Options on the table include using the Defense Production Act to accelerate production of some of the raw materials Pfizer needs to develop the vaccine, Azar said in an interview with CNBC's Shepard Smith on Tuesday.

"They are more secretive with us about their manufacturing capacities, their needs. So we can't know they have a raw material problem until they tell us they have a raw material problem," Azar said on CNBC. "And at that point, I can assure you, as the President has, we will use every power of the United States government to ensure they have what they need to fulfill the contracts that we need for the United States people."

During Wednesday's briefing, Azar suggested that Pfizer -- which did not receive Operation Warp Speed funding for the development of its vaccine -- had not been as forthcoming about manufacturing issues and the production process as other Operation Warp Speed vaccine partner companies like Moderna, Johnson & Johnson and AstraZeneca.

"The other five we are more intimately engaged in the support of the development and manufacturing of their product on an ongoing basis, whereas the relationship that Pfizer wanted with Operation Warp Speed was the guaranteed purchase of vaccine if approved by the FDA, and that means that to date we have had less visibility into their manufacturing processes," Azar said.

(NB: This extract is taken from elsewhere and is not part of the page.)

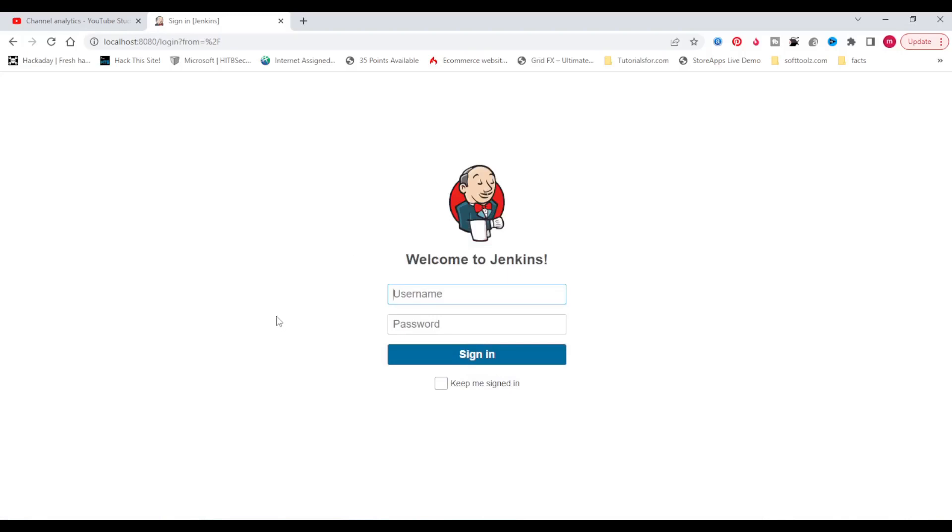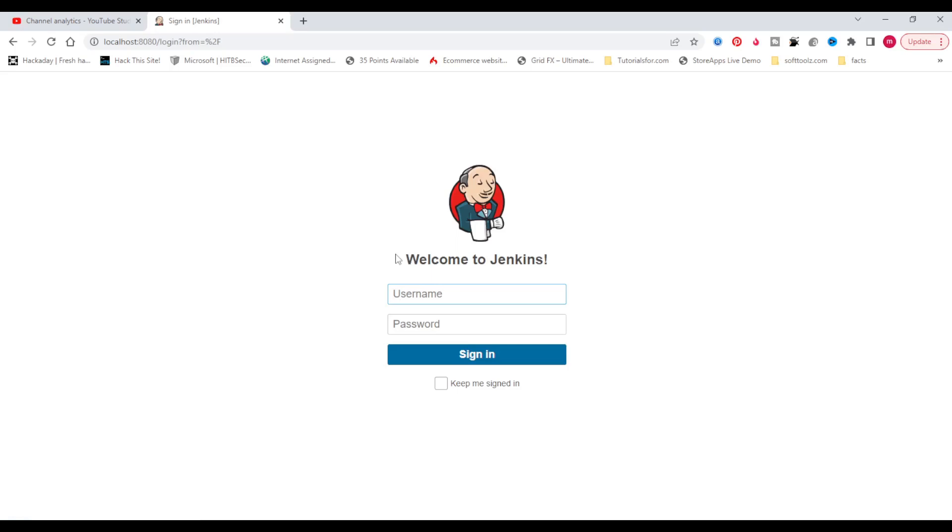Hello guys, welcome back. In this video I will show you how to enable sign up or create an account page so that users can create an account from the login page. As of now you can see there is no create an account option available. I am logging into Jenkins.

Pfizer CEO Albert Bourla said Monday that it would be "very positive" if the US decided to use the Defense Production Act to help the company produce more vaccines faster.

"It will allow us to maximize what we can do," Bourla said in an interview with CNBC. "We are asking them, and I hope that they will do it very soon because some components, we are running at critical supply limitations."

Pfizer had not responded to CNN's request for comment about the ongoing negotiations and supply issues at the time of publication.

Moncef Slaoui, Operation Warp Speed chief scientific adviser, described the relationship between Operation Warp Speed and the companies producing vaccine candidates as some of them keeping the government more at "arm's length," while others have been "more involved."

Bourla confirmed the ongoing negotiations between the federal government and Pfizer during an interview with CNN Chief Medical Correspondent Dr. Sanjay Gupta on Monday.

"The US government is asking more. They have asked now an additional 100 million doses from us," Bourla said. "We can provide them the additional 100 million doses, but right now most of that we can provide in the third quarter. The US government wants them in the second quarter, so we're working very collaboratively with them to make sure that we can find ways to produce more or allocate the doses in the second quarter."

The Trump administration faced criticism after The New York Times reported that the US government had failed to secure an additional 100 million doses when Pfizer offered that option over the summer. The administration has denied the reports that it turned down this offer from Pfizer.

Slaoui, frustrated with that criticism, defended the administration's plans to buy doses from all six companies with Covid-19 vaccine candidates on Wednesday's Operation Warp Speed call with reporters.

"I think any reasonable person would understand that we built a portfolio of vaccines and took them into development in order to ensure that a) one of them actually makes it to the finish line and b) if more than one makes it to the finish line, that we can accrue and accumulate vaccine doses faster than if we were relying on a single provider," he said on the call. "So, frankly, I hope once and for all, it wouldn't make sense whatsoever to preorder more from one manufacturer than any other one."

CNN's Nadia Kounang contributed to this report.